Start of Source data

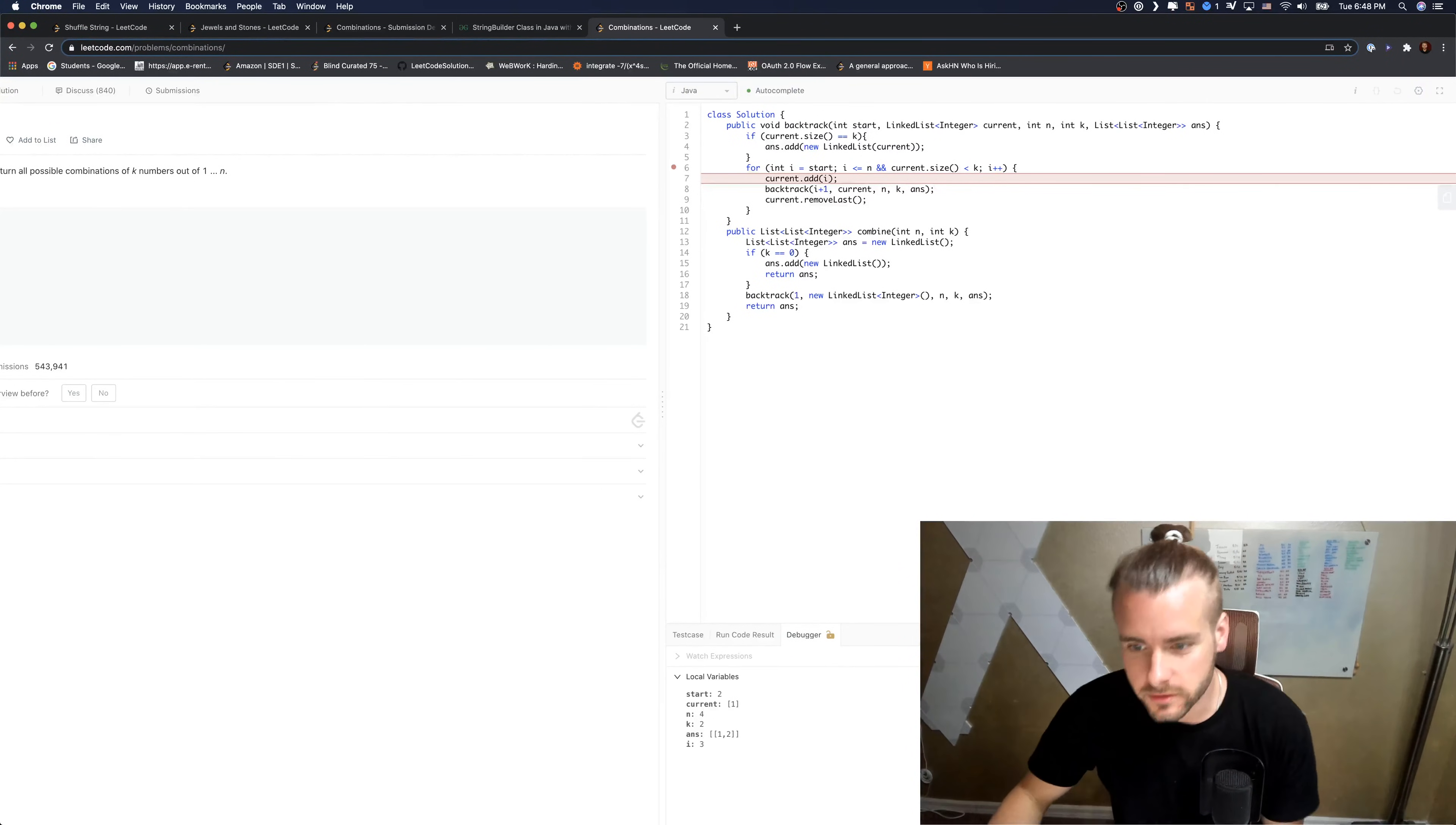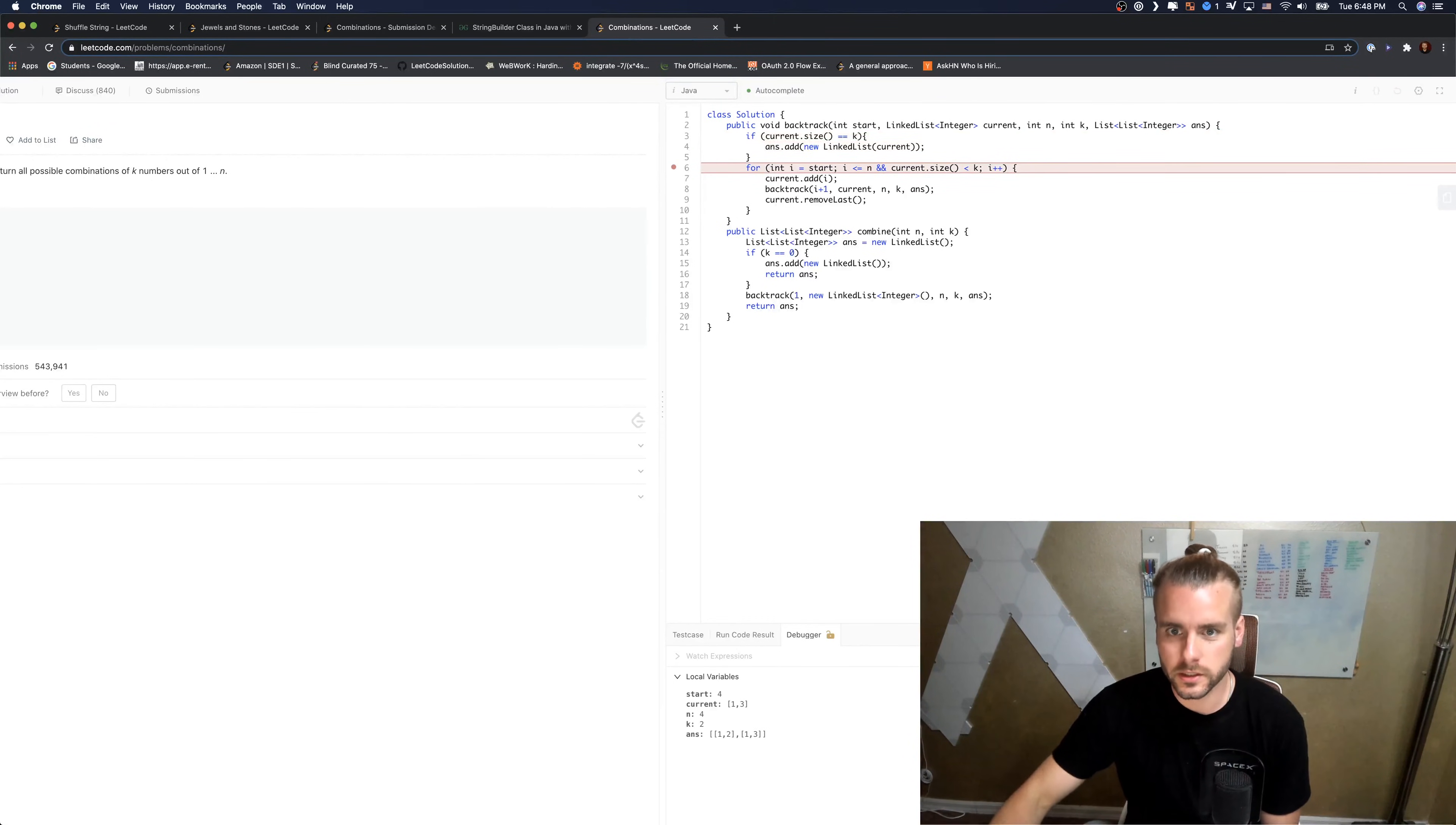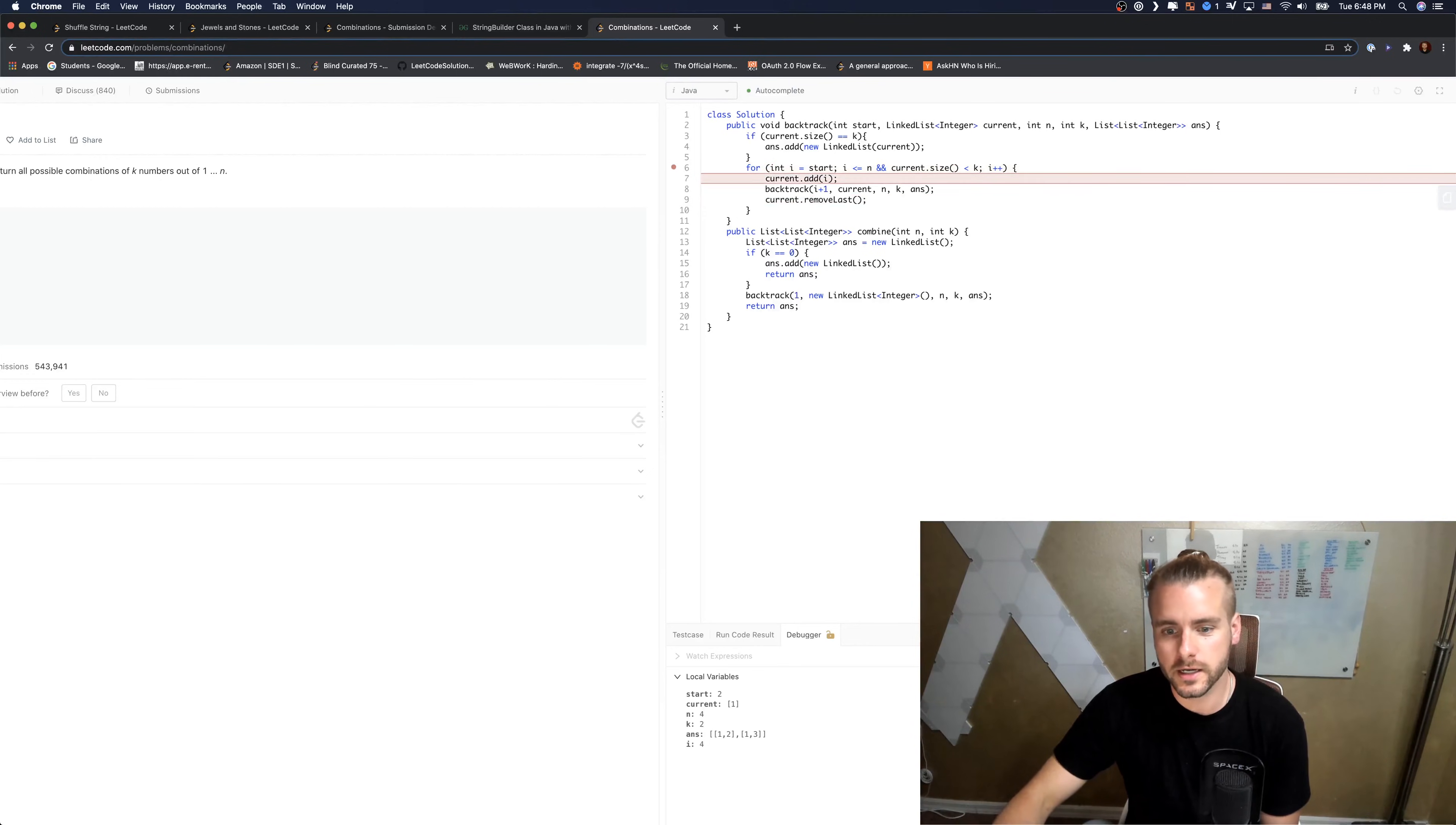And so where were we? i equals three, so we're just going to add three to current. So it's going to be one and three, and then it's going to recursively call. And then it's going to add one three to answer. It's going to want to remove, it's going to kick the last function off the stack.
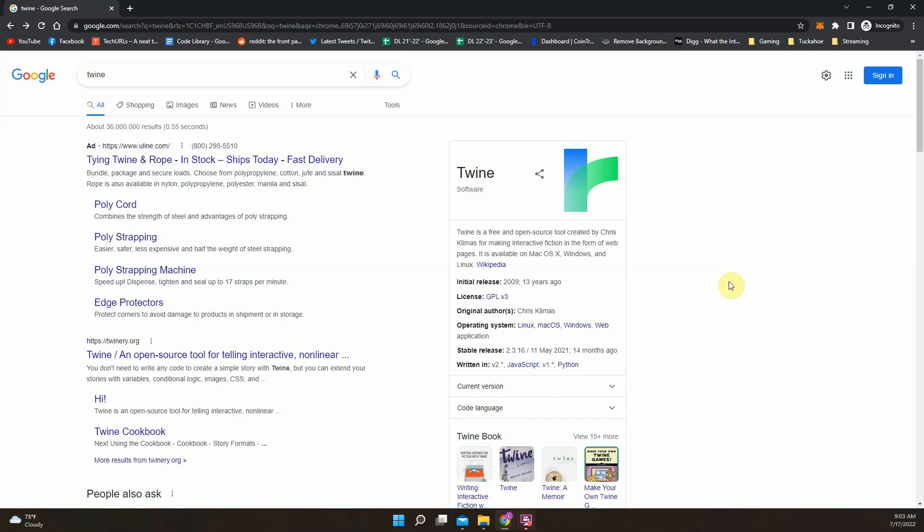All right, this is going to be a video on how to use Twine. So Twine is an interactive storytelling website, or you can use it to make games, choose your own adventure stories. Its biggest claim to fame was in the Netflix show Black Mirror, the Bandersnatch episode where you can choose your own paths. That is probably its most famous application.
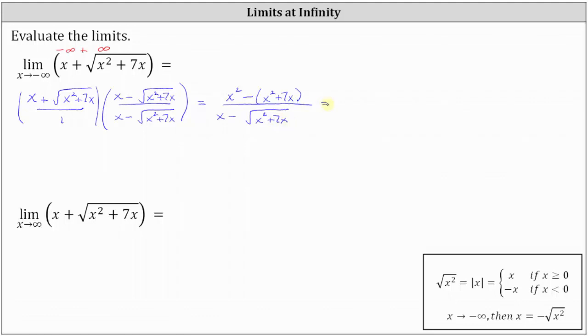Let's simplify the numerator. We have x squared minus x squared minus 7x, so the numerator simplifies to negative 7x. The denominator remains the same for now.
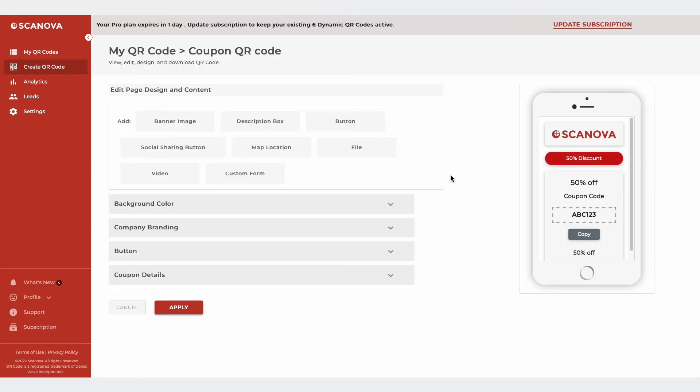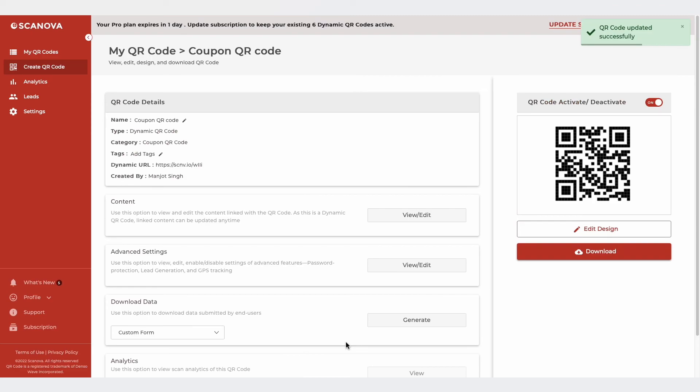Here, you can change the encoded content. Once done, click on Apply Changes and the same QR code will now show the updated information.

End of Source data

Instructions for the task
Set down, in exact form, only the lines that start at the one containing "Let's simplify the" and finish at the last line of the material; pictures do not go in.

Solution
Let's simplify the numerator. We have x squared minus x squared minus 7x, so the numerator simplifies to negative 7x. The denominator remains the same for now.
Here, you can change the encoded content. Once done, click on Apply Changes and the same QR code will now show the updated information.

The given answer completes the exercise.